§ **Exercise prompt**
Line by line, return the listing exactly, without any of the images.

**** Available data

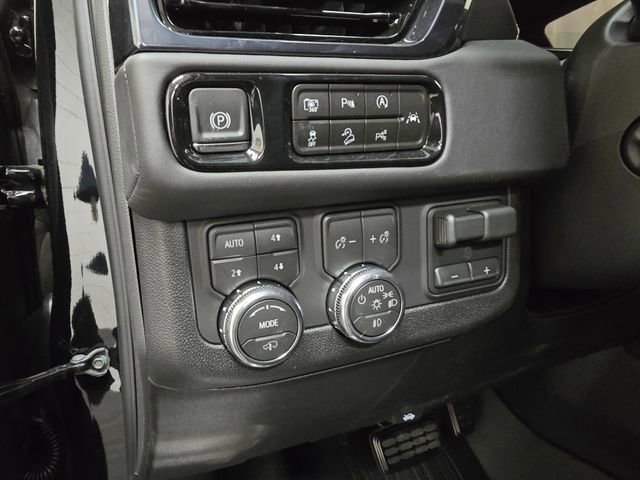 New 2026 GMC Yukon AT4 Ultimate AWD/4WD image 17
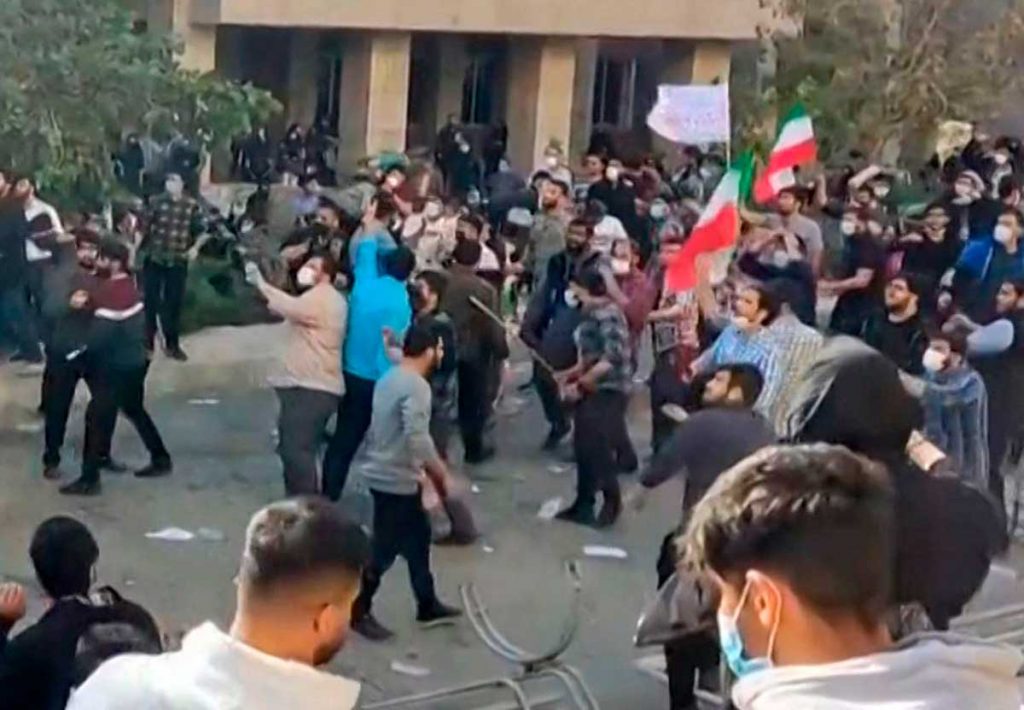 protestas_en_iran_continuan_pese_a_represion.jpg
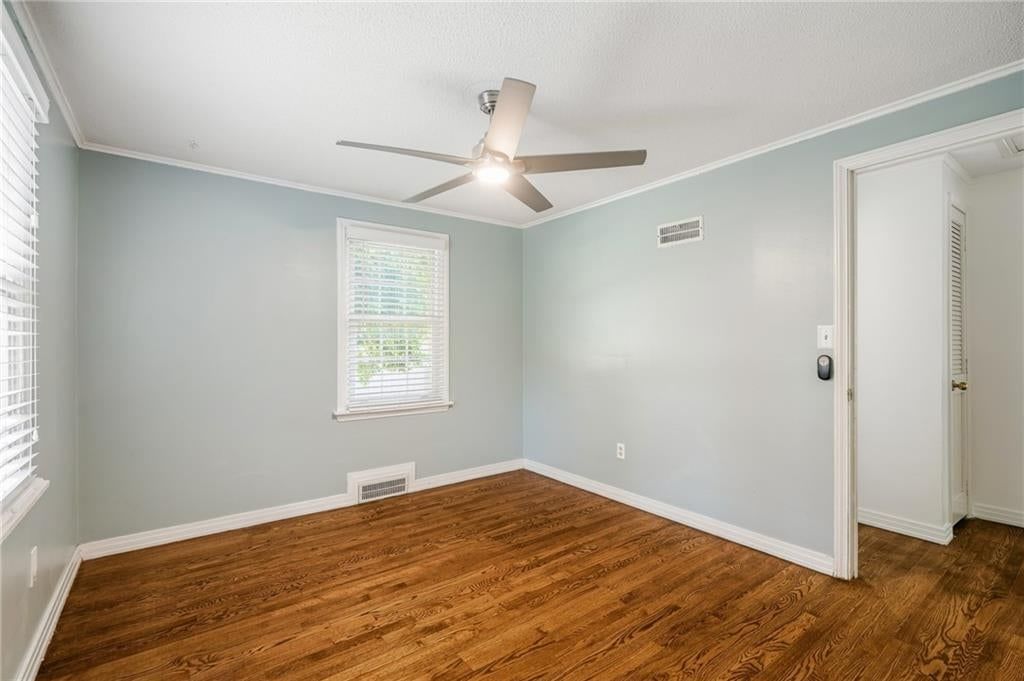 4301 W 62nd Terrace — photo 30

********

§ **Output of the exercise**
 New 2026 GMC Yukon AT4 Ultimate AWD/4WD image 17
 protestas_en_iran_continuan_pese_a_represion.jpg
 4301 W 62nd Terrace — photo 30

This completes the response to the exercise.